- _EXERCISE GOAL_
From the listing below, restate word for word the lines from the line containing "Nicki Nicole wearing" down through the line containing "Digital technology concept". Exclude pictures.

- _PROVIDED RECORDS_
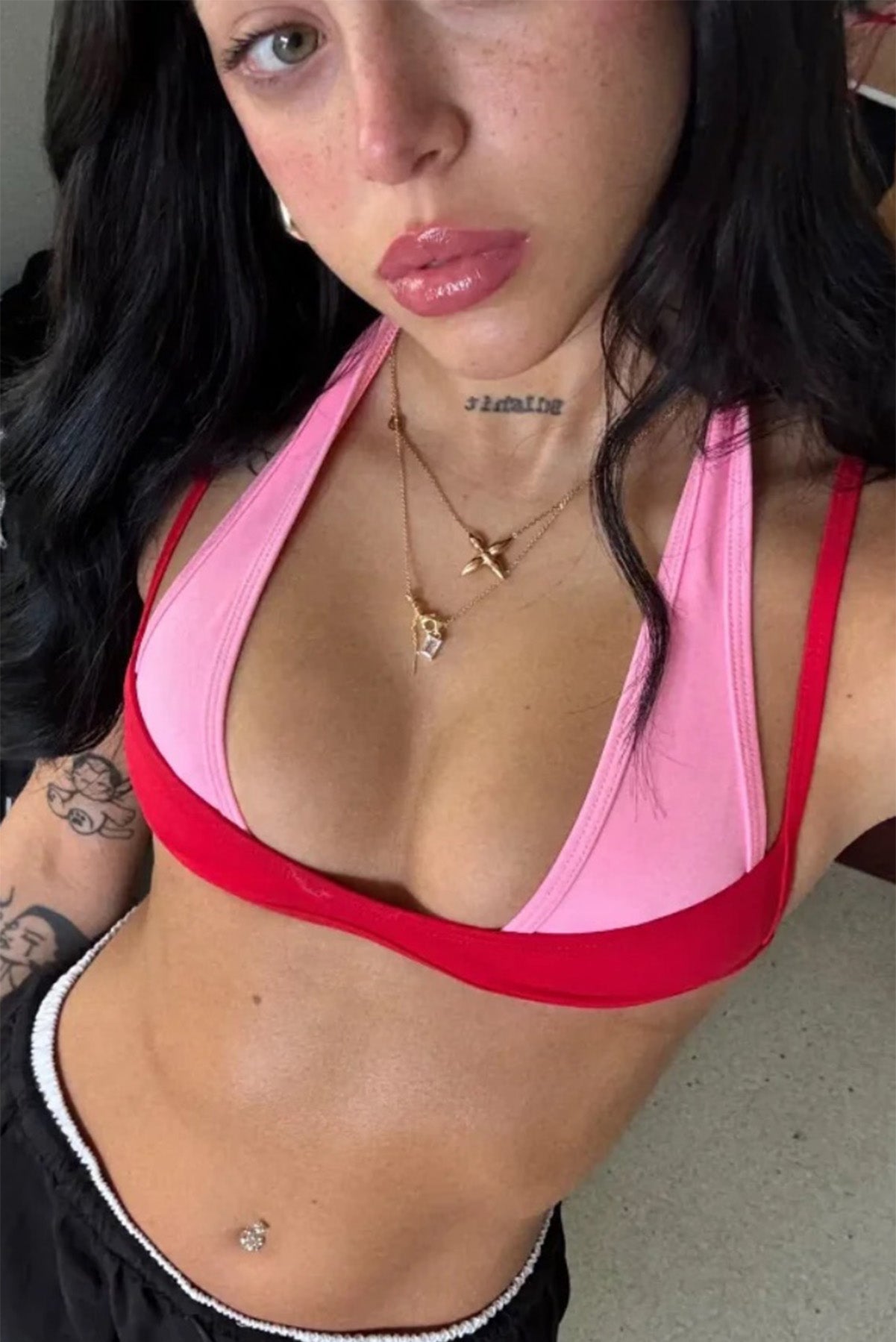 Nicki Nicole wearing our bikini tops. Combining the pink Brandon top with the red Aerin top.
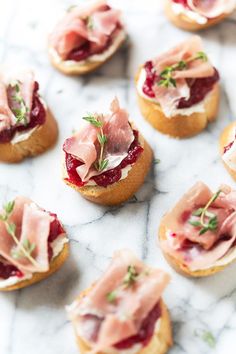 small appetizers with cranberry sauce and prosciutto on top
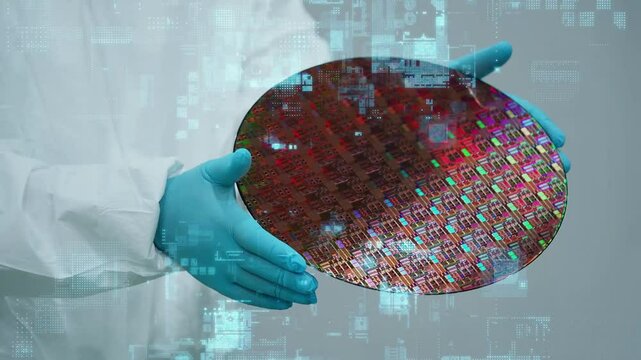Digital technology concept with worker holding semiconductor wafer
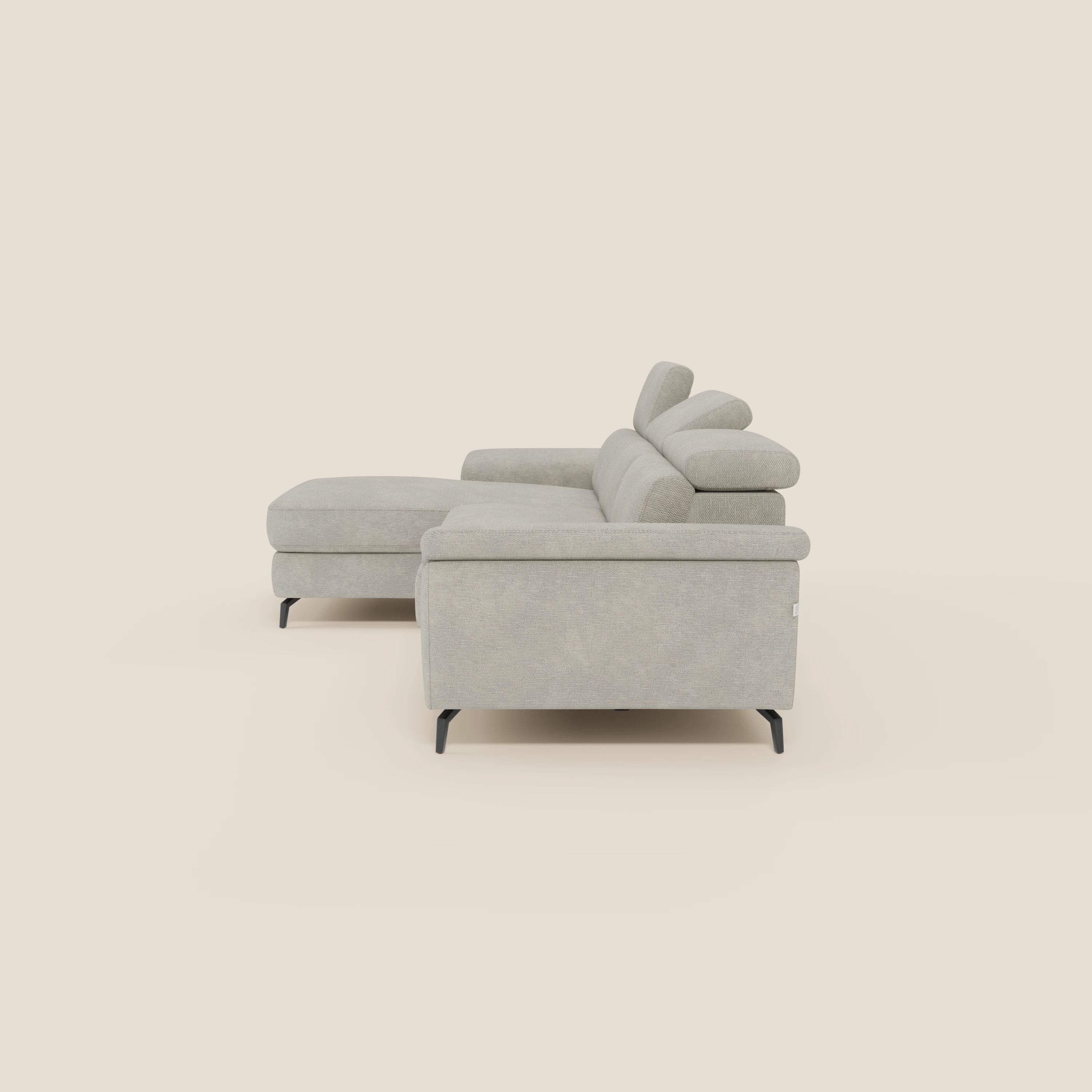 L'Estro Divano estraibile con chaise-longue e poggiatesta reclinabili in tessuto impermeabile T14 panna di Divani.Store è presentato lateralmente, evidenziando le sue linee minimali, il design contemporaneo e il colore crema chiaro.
--
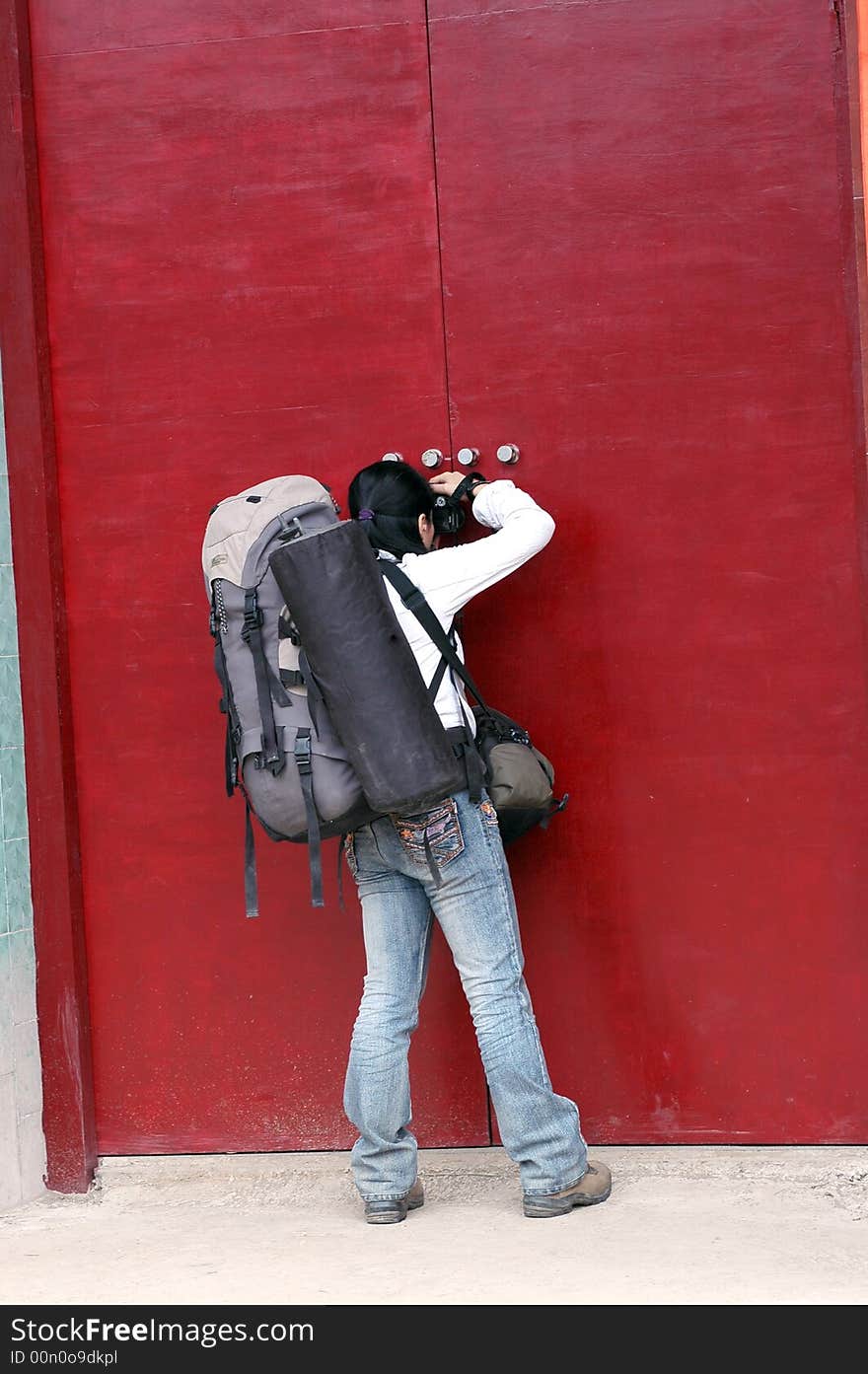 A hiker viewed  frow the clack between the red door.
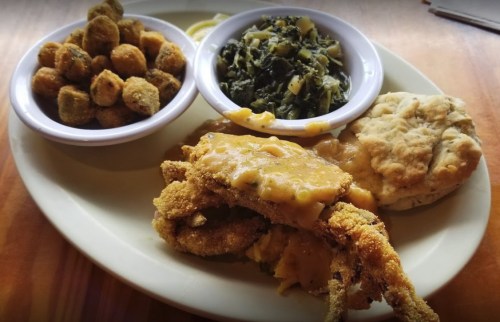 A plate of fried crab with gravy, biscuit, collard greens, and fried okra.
* * *
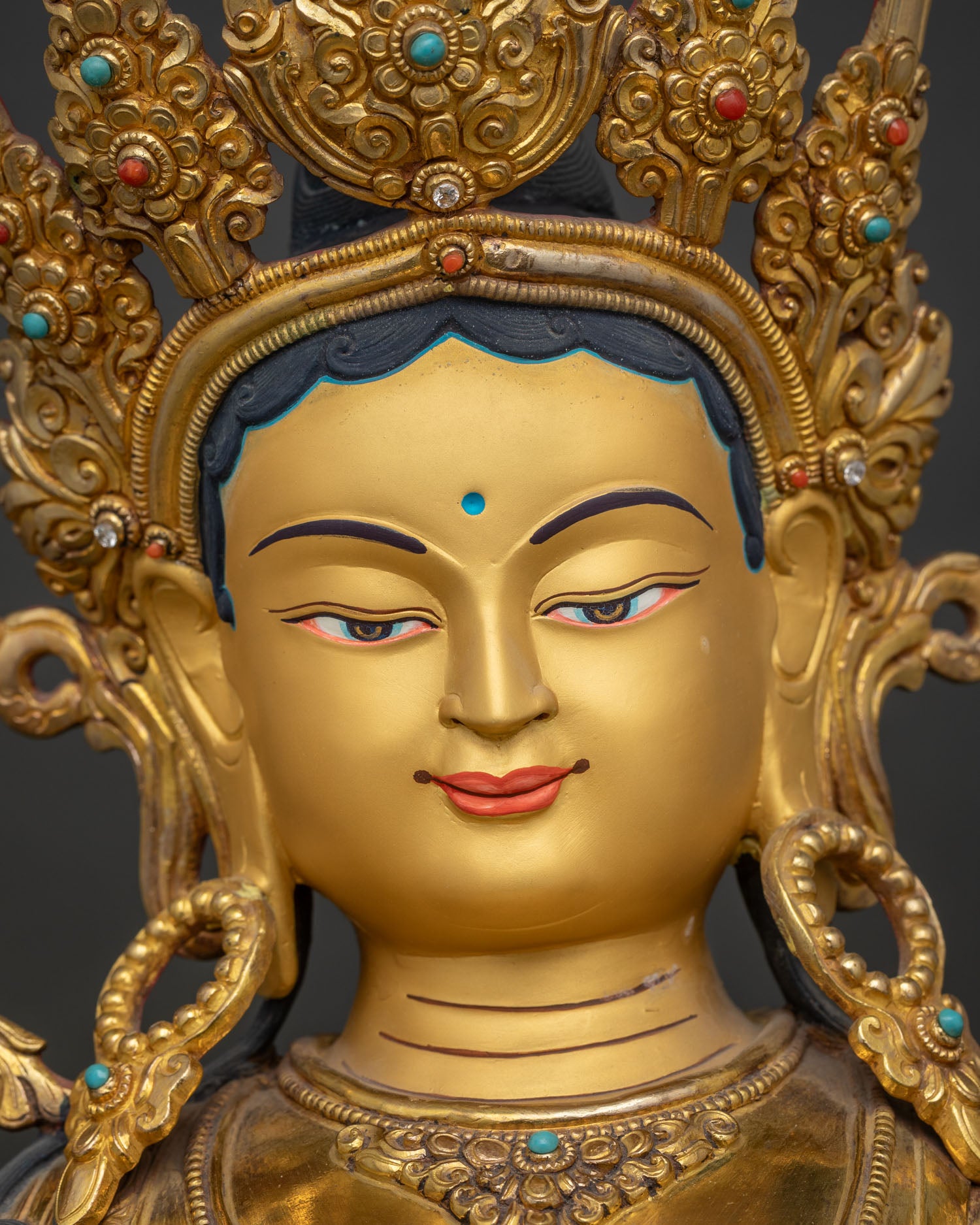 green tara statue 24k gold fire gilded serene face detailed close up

- _OUTPUT OF THE TASK_
 Nicki Nicole wearing our bikini tops. Combining the pink Brandon top with the red Aerin top.
 small appetizers with cranberry sauce and prosciutto on top
Digital technology concept with worker holding semiconductor wafer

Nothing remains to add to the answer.